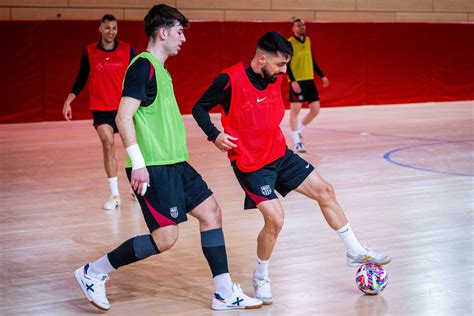 Cinco partidos de liga en el próximo mes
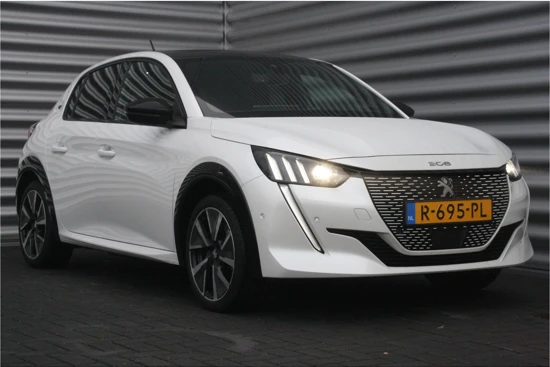 Peugeot e-208 EV 136PK GT PACK / NAVI / LEDER / CLIMA / PDC / 17" LMV / CAMERA / KEYLESS / I-COCKPIT / PARELMOER /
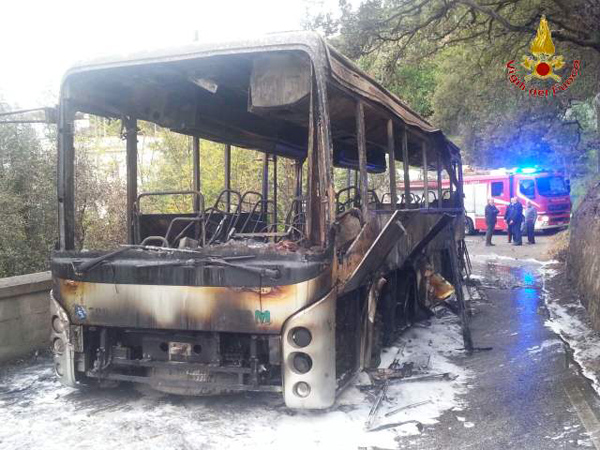 Calabria In Fiamme Pullman Nel Reggino Illesi Passeggeri Il Lametino It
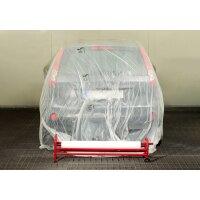 Ein Auto steht in einer hellen Garage oder Werkstatt und...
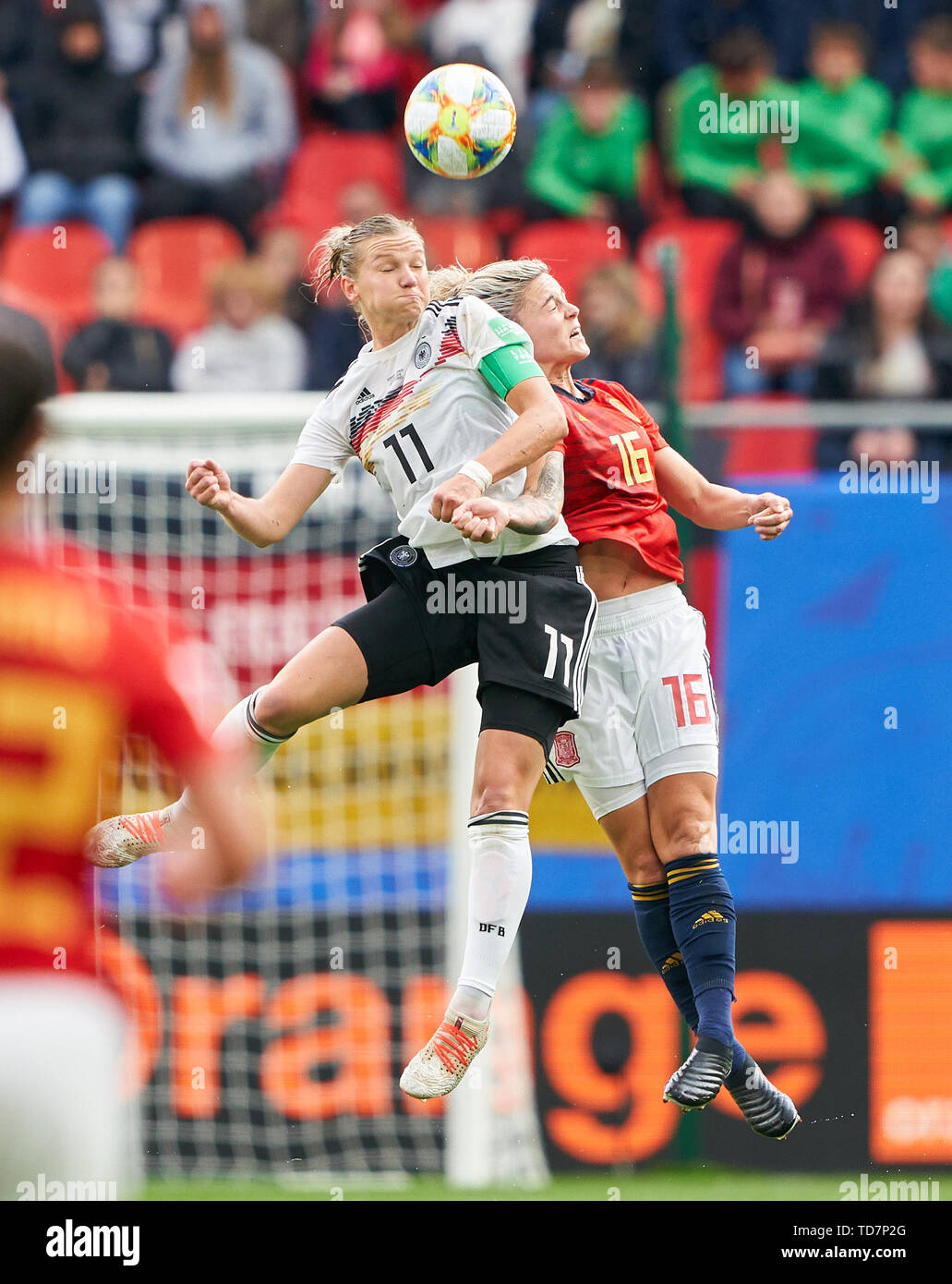 Valenciennes, France. 12th June, 2019. Alexandra POPP, DFB 11 compete for the ball, tackling, duel, header, zweikampf, action, fight against Maria LEON, ESP 16 GERMANY - SPAIN Women FIFA World Cup France Season 2018/2019, June 12, 2019 in Valenciennes, France. Credit: Peter Schatz/Alamy Live News Stock Photo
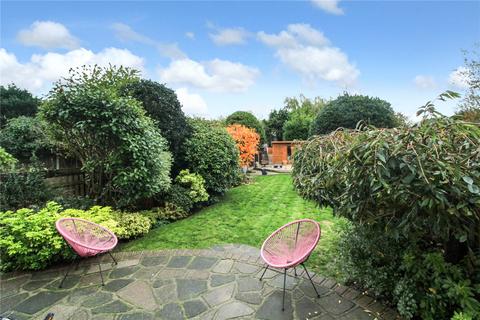 5 bedroom semi-detached house for sale, Woodside, Leigh-on-Sea, Essex, SS9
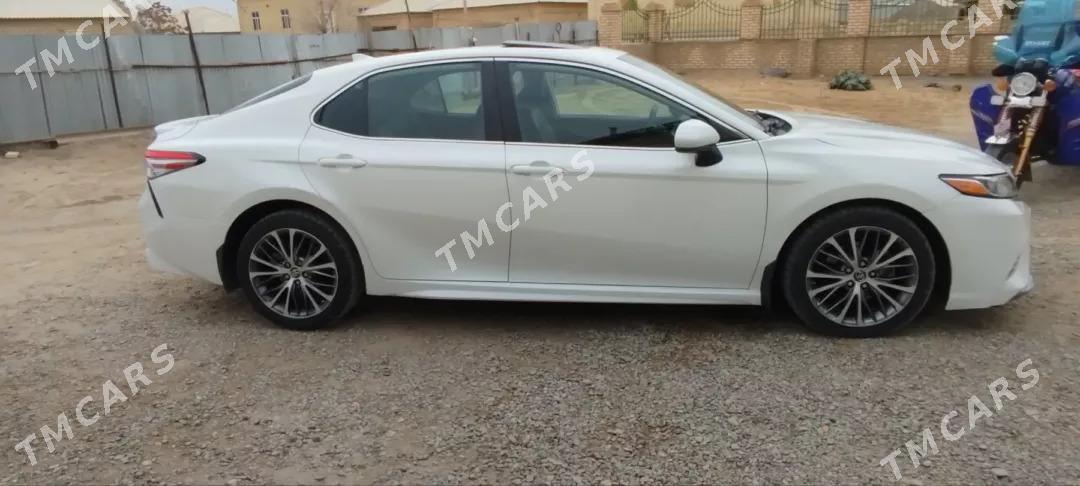 Toyota Camry 2019 - 350 000 TMT - Sakarçäge - img 6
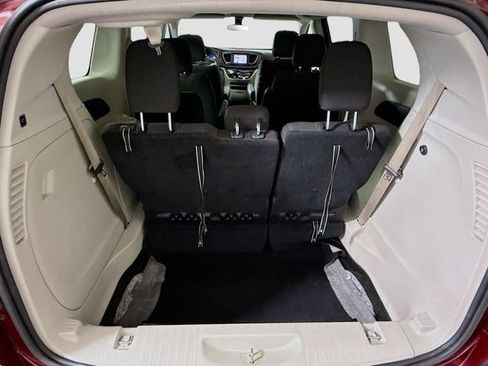 Used 2022 Chrysler Voyager LX FWD image 35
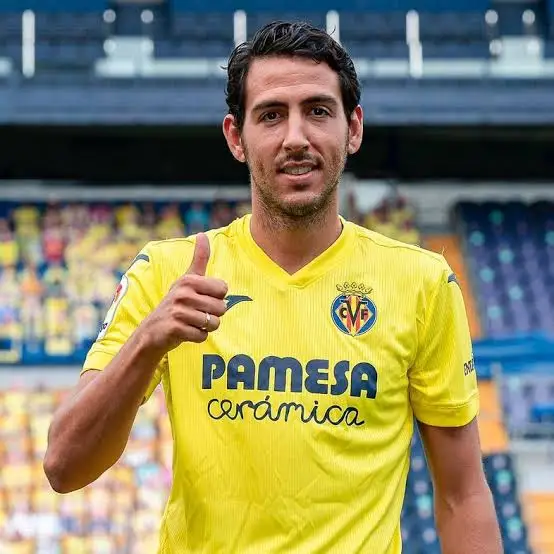 solofichajes123's tweet photo. Dani Parejo escucha ofertas antes de decidir su nuevo destino. El centrocampista de 37 años es agente libre tras pasar por @VillarrealCF, @ValenciaCF, @GetafeCF, Queens Park Rangers y @RealMadrid https://t.co/YSsMJmNTVq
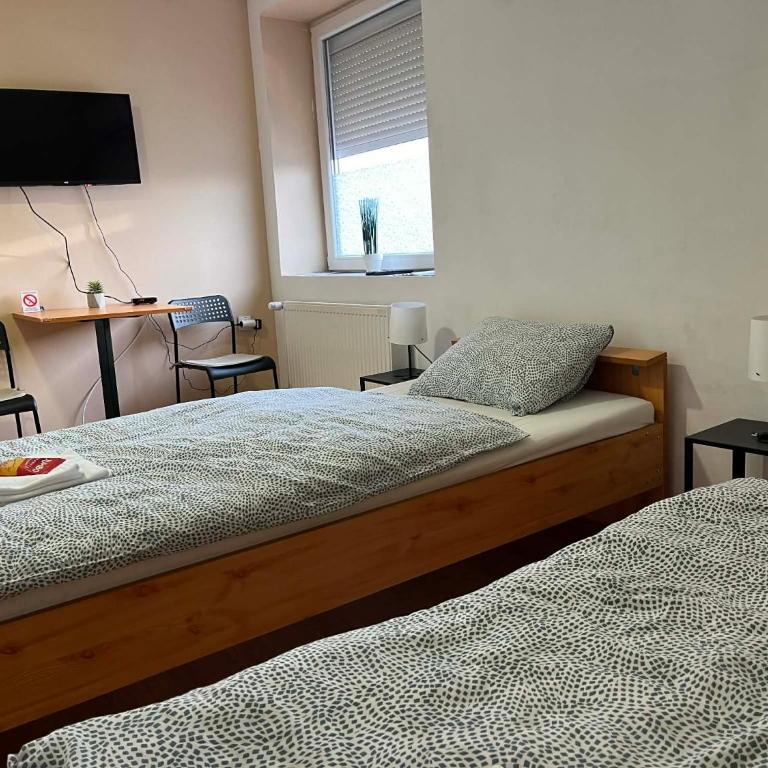 Rooms with private Bathroom & Free Parking ''Sobe Zoka,, - Dvokrevetna Soba sa Zasebnim Krevetima - 40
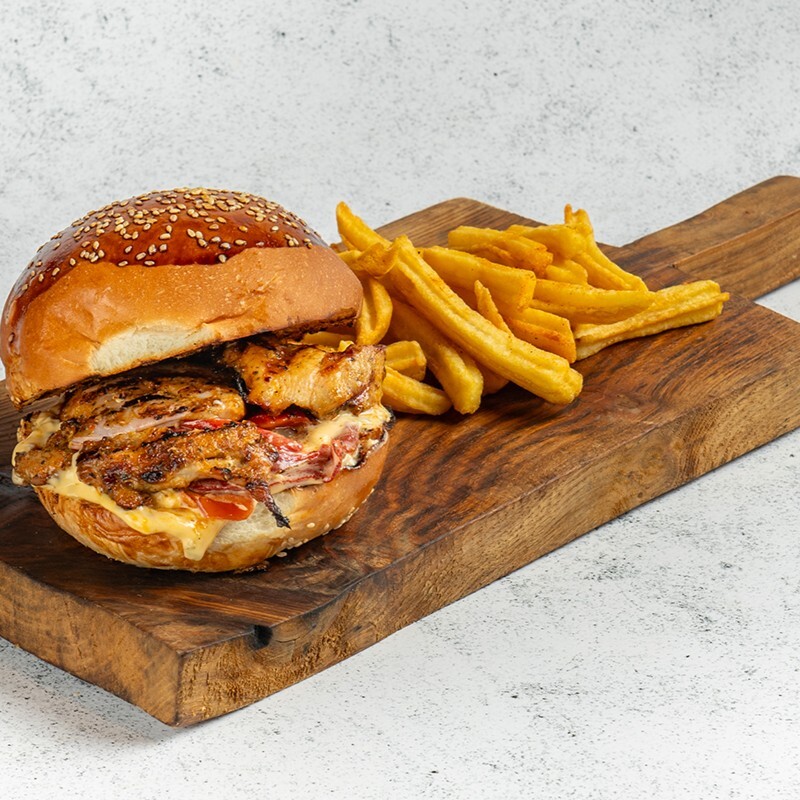Mangal Tavuk Burger Menü (753,4 KCal)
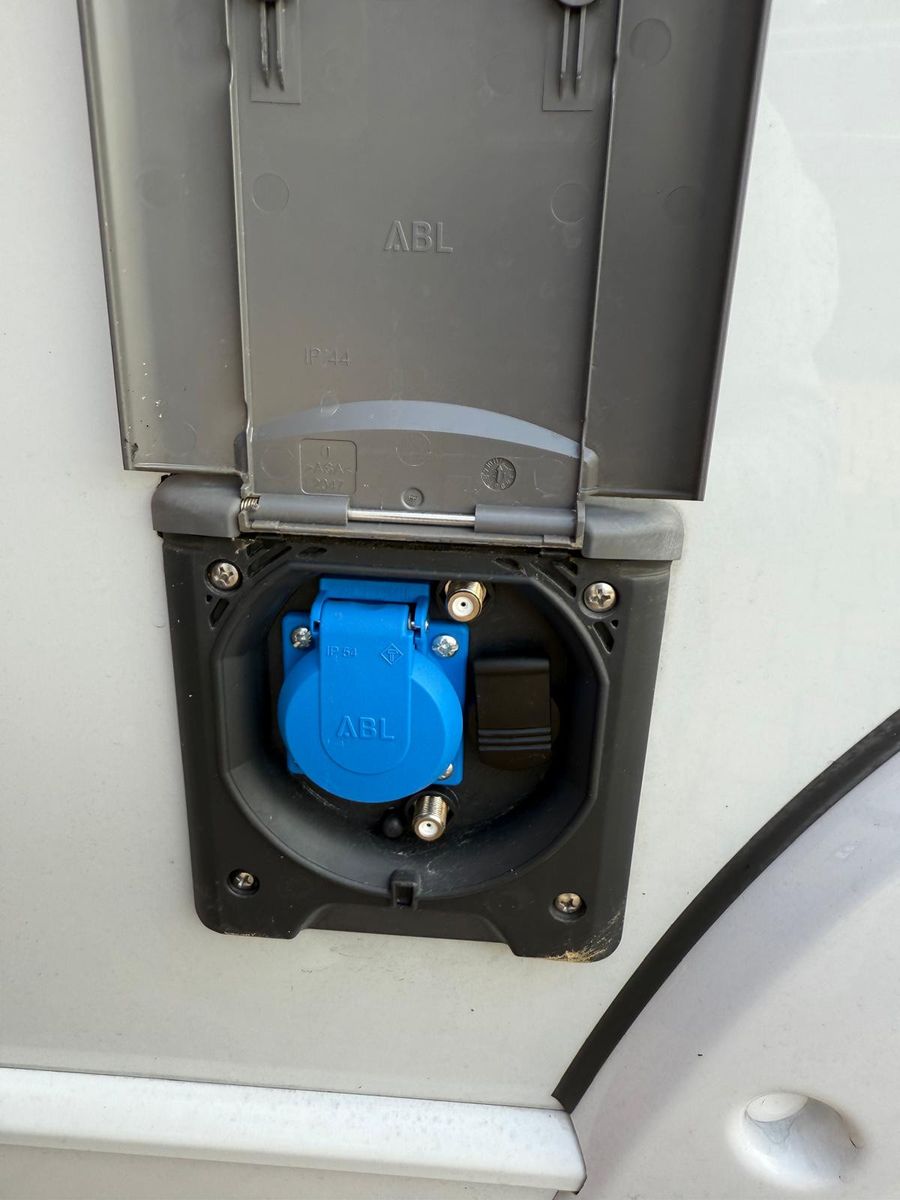 Fahrzeugabbildung Bürstner IXEO IT 726 G Einzel.&Hubbett SAT+TV Klima Kam.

● ● ● ● ● ● ●

WHAT YOU WILL DO: Skip the pictures. Please copy exactly the lines from the one with "Toyota Camry 2019" through the final line of the material above, both ends included.

RESPONSE AREA:
 Toyota Camry 2019 - 350 000 TMT - Sakarçäge - img 6
 Used 2022 Chrysler Voyager LX FWD image 35
 solofichajes123's tweet photo. Dani Parejo escucha ofertas antes de decidir su nuevo destino. El centrocampista de 37 años es agente libre tras pasar por @VillarrealCF, @ValenciaCF, @GetafeCF, Queens Park Rangers y @RealMadrid https://t.co/YSsMJmNTVq
 Rooms with private Bathroom & Free Parking ''Sobe Zoka,, - Dvokrevetna Soba sa Zasebnim Krevetima - 40
Mangal Tavuk Burger Menü (753,4 KCal)
 Fahrzeugabbildung Bürstner IXEO IT 726 G Einzel.&Hubbett SAT+TV Klima Kam.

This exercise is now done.